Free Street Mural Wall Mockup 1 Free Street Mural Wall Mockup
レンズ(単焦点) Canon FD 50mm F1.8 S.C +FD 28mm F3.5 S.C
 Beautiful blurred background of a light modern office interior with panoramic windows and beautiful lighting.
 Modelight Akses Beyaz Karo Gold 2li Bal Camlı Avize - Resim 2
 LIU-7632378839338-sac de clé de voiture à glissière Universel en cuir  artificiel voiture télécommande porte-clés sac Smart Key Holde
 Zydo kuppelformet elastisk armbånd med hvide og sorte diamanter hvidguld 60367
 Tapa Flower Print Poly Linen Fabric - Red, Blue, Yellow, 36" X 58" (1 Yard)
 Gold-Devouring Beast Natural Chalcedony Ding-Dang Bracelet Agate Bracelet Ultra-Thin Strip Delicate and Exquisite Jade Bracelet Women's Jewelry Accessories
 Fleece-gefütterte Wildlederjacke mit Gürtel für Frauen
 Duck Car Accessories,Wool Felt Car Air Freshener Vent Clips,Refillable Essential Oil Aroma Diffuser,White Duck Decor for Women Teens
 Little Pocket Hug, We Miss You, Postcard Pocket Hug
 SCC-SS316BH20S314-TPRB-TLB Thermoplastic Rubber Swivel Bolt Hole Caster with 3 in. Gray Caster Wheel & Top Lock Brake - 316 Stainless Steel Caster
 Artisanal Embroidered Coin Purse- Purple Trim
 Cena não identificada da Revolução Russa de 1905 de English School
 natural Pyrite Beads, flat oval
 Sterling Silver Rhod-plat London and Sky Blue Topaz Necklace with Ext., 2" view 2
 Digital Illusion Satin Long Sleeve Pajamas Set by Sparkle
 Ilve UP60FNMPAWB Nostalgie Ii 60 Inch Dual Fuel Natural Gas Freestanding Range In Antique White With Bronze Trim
────────────────────────────────────────
* **To do**: From the line containing "Sterling Silver Rhod-plat" down to the last line of the listing above, give every line again exactly, and add nothing.

* **Reply to the exercise**:
 Sterling Silver Rhod-plat London and Sky Blue Topaz Necklace with Ext., 2" view 2
 Digital Illusion Satin Long Sleeve Pajamas Set by Sparkle
 Ilve UP60FNMPAWB Nostalgie Ii 60 Inch Dual Fuel Natural Gas Freestanding Range In Antique White With Bronze Trim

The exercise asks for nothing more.